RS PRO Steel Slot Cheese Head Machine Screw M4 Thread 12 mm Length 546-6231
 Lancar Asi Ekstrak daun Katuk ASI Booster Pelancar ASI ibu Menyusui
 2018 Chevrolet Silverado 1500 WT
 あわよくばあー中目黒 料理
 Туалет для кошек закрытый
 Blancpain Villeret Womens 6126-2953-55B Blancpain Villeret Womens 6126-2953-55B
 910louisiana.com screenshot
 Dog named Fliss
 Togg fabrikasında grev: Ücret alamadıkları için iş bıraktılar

§ Work required
All lines from the one that contains "2018 Chevrolet Silverado 1500 WT" through the end of the listing above should be copied exactly, with nothing else.

§ Task response
 2018 Chevrolet Silverado 1500 WT
 あわよくばあー中目黒 料理
 Туалет для кошек закрытый
 Blancpain Villeret Womens 6126-2953-55B Blancpain Villeret Womens 6126-2953-55B
 910louisiana.com screenshot
 Dog named Fliss
 Togg fabrikasında grev: Ücret alamadıkları için iş bıraktılar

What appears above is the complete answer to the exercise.